Dijelaskan oleh Ahwal, Teguran yang dilakukannya tersebut sesuai dengan himbauan Bupati Lombok Timur, yang telah menghimba seluruh warung milik masyarakat untuk tidak membuka warung atau rumah makan dengan maksud menjual makanan dan minuman siap saji yang dapat dikonsumsi di tempat pada waktu jam puasa secara terang-terangan.

Namun dari pantauan Pengurus HMI Cabang Selong, KFC pancor dan SB (Sinar Bahagia) diduga dengan terang-terangan membuka dan menjual makanan siap saji dari pagi hari.

“Jika aktivitas  KFC dan SB dimulai dari sore hari kami masih tolerir karna banyak orang yang butuh,  tapi KFC dan SB ini mulai beraktifitas dari pagi hari dan itu jelas melanggar aturan sebagaimana Imbauan Bupati.
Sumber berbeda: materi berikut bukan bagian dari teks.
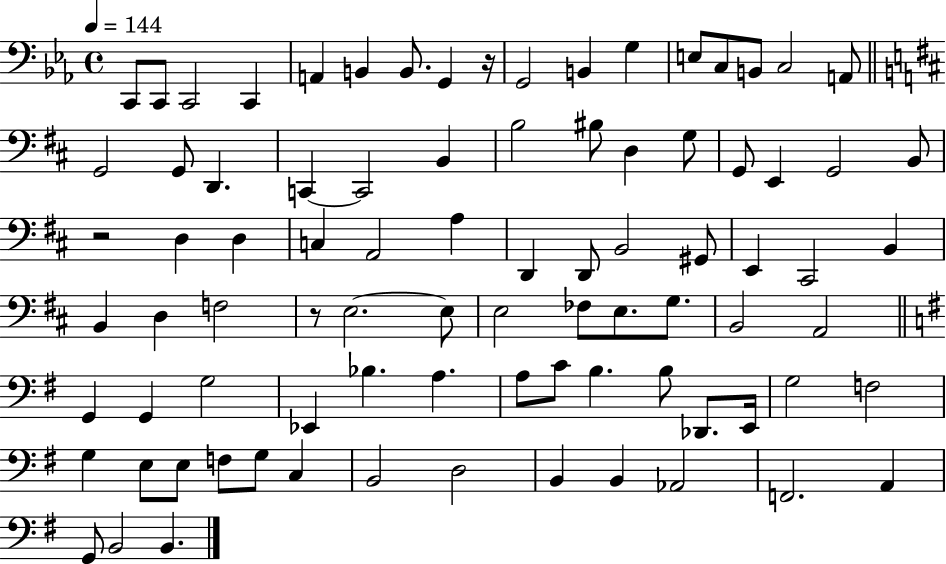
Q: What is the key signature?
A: EES major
Oleh karena itu kami dari HMI cabang selong mendesak pihak Pemda Lotim dalam hal ini Sat.Pol.PP untuk segera menyikapi hal tersebut demi kenyamanan bersama Lanjutnya, Jika banyak orang mengatakan bahwa kita harus menghormati orang yang tidak berpuasa maka logikanya harus dibalik yakni orang yang tidak berpuasalah yang harus dihormati karna sedang melakukan aktkvitas keagmaan” katanya pada media ini melalui Via Ponsel Jumat (24/5/2019).
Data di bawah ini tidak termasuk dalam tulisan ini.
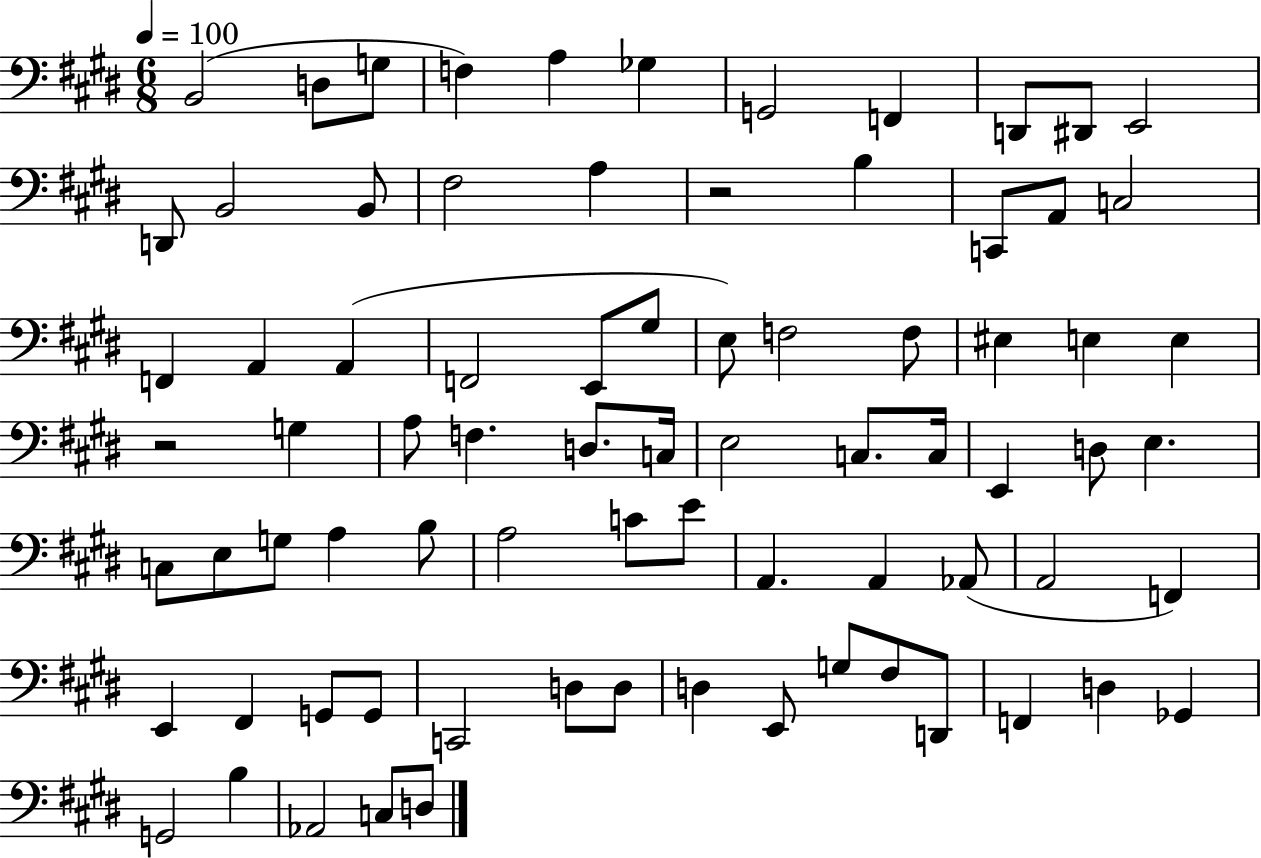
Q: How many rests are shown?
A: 2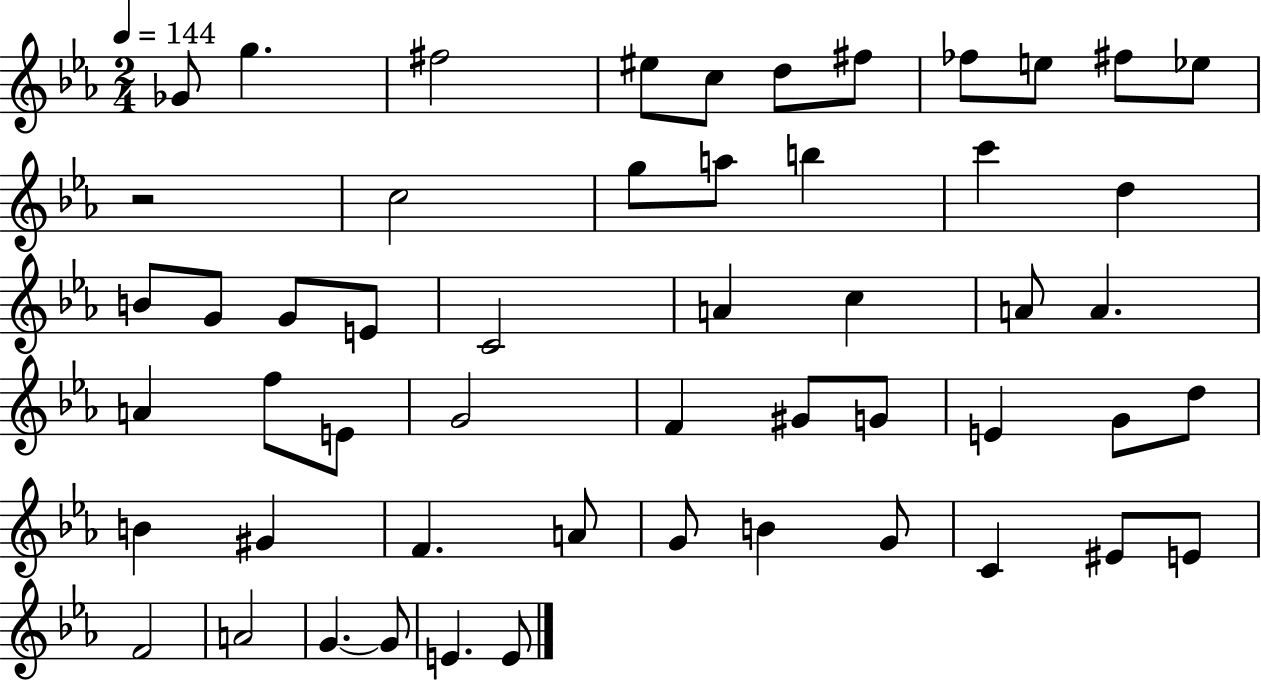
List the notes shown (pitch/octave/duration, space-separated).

Gb4/e G5/q. F#5/h EIS5/e C5/e D5/e F#5/e FES5/e E5/e F#5/e Eb5/e R/h C5/h G5/e A5/e B5/q C6/q D5/q B4/e G4/e G4/e E4/e C4/h A4/q C5/q A4/e A4/q. A4/q F5/e E4/e G4/h F4/q G#4/e G4/e E4/q G4/e D5/e B4/q G#4/q F4/q. A4/e G4/e B4/q G4/e C4/q EIS4/e E4/e F4/h A4/h G4/q. G4/e E4/q. E4/e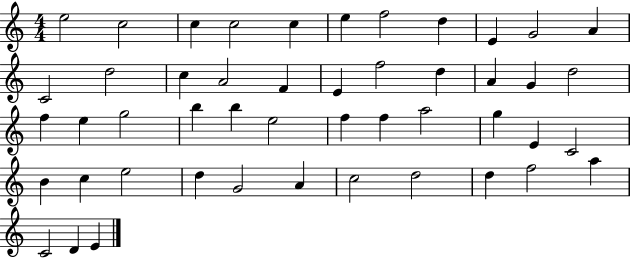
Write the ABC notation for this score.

X:1
T:Untitled
M:4/4
L:1/4
K:C
e2 c2 c c2 c e f2 d E G2 A C2 d2 c A2 F E f2 d A G d2 f e g2 b b e2 f f a2 g E C2 B c e2 d G2 A c2 d2 d f2 a C2 D E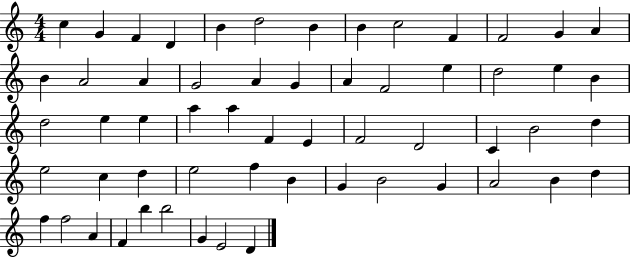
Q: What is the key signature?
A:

Ahwal, juga menyinggung jikan Pemda Lotim atau Pol.PP menutup dan melarang warung makan untuk membuka dan menjual makanan di waktu berpuasa lalu apa bedanya dengan KFC dan SB yang membuka dan menjual makanan dari pagi hari,  oleh karna itu sekali lagi kami menegaskan bahwa Pemda Lotim sudah semestinya mengambil sikap tegas atas pelanggaran ini tanpa pandang bulu. “Jika menurut Kasat Pol.PP KFC dan SB tidak kasat mata dan mereka menjual makanan siap saji, kami dari HMI cabang selong sangat menyesali pernyataan tersebut karna KFC dan SB memiliki bangunan yang besar di pusat kota” singkatnya.

Sementara itu Kasat Pol.PP Salmun Rahman, yang dikonfirmasi media ini melalui Via Ponsel kaitan dengan adanya aktifitas warung yang menjual makanan siap saji tersebut, sampai berita ini diterbitkan Salmun, belum memberikan tanggapan. (Ari)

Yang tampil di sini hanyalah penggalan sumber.